Finalement, devant l’ampleur que prit cette affaire [et l’émotion suscitée en Australie], Engie Green renonça à son projet. Qu’en sera-t-il pour celui qui vise à installer huit éoliennes, de 160 mètres de hauteur, à proximité du mémorial de Villers-Bretonneux [Somme], où est érigé un mémorial dédié aux soldats australiens tués au combat sur le front occidental lors de la Première Guerre Mondiale?
Pour rappel, Villers-Bretonneux avait été choisi pour commémorer le rôle tenu par les soldats australiens lors de la bataille d’Amiens. Ceux-ci, au prix, là encore, de pertes terribles, mirent un terme à l’offensive allemande lancée dans le cadre de l’opération « Michael », les 24, 25 et 26 avril 1918.

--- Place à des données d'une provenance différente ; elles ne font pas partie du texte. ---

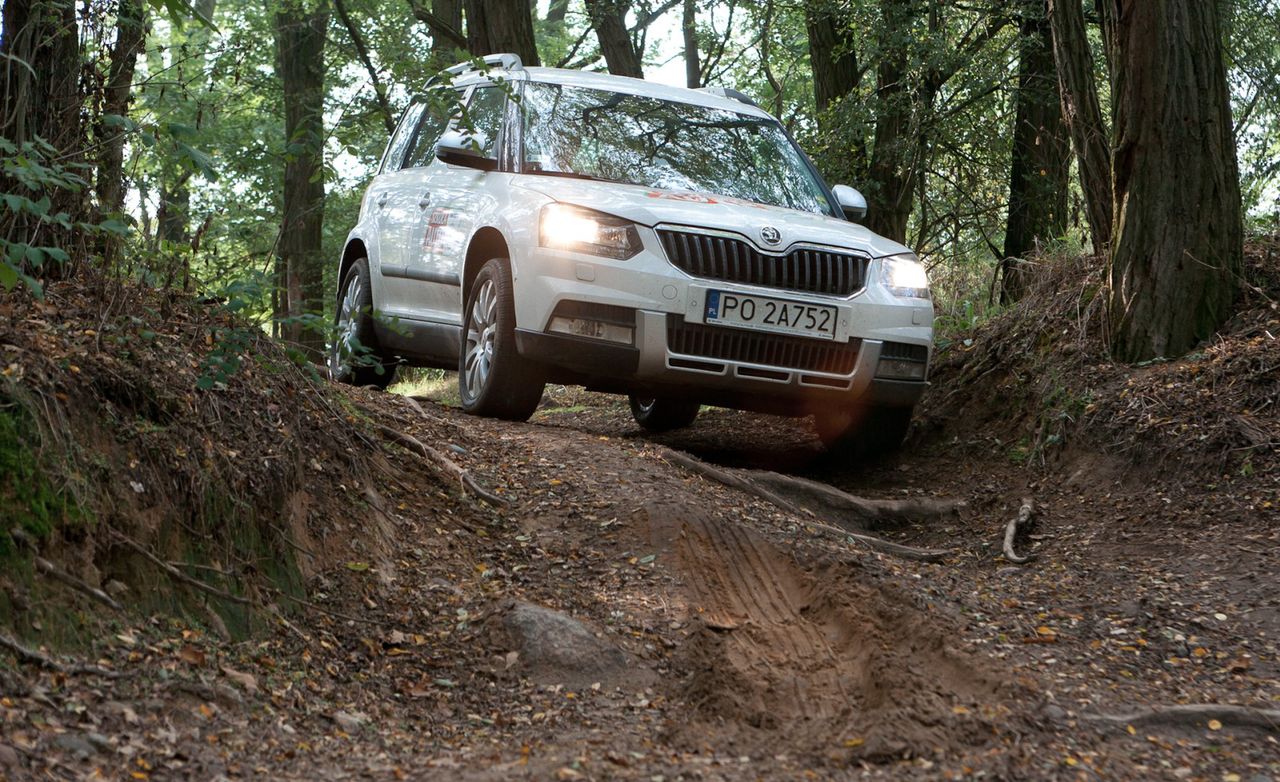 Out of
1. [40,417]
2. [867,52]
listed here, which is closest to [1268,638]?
[40,417]

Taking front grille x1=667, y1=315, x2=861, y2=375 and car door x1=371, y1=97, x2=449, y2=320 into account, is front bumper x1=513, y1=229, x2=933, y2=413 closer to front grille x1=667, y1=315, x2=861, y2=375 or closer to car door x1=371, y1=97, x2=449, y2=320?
front grille x1=667, y1=315, x2=861, y2=375

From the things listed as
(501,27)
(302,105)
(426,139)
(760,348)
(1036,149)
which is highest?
(501,27)

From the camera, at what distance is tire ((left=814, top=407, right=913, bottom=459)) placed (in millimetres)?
7953

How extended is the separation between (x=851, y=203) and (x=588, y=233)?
2006 millimetres

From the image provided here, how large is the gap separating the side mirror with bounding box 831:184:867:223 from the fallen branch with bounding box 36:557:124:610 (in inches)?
212

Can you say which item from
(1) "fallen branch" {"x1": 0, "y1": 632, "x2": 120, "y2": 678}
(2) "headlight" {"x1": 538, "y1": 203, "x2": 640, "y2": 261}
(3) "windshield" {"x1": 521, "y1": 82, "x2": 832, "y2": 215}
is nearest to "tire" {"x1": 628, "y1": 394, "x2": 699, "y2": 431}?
(3) "windshield" {"x1": 521, "y1": 82, "x2": 832, "y2": 215}

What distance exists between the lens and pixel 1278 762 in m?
3.88

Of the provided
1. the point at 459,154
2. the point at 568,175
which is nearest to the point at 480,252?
the point at 459,154

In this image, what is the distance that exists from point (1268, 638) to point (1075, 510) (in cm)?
187

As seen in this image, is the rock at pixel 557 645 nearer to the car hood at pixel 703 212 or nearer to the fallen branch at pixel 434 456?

Étant donné la nature du site, la préfecture de la Somme s’était opposée à la réalisation de ce projet de parc éolien porté par la société les « Vents de Picardie », estimant qu’il était de nature à « porter atteinte au mémorial de Villers-Bretonneux du fait que les éoliennes situées à 6,5 km sont extrêmement visibles et prégnantes depuis la tour du mémorial et qu’elles contribueraient à supprimer la qualité paysagère, fortement liée à la mémoire des champs de bataille ». Une position confirmée par le tribunal administratif d’Amiens…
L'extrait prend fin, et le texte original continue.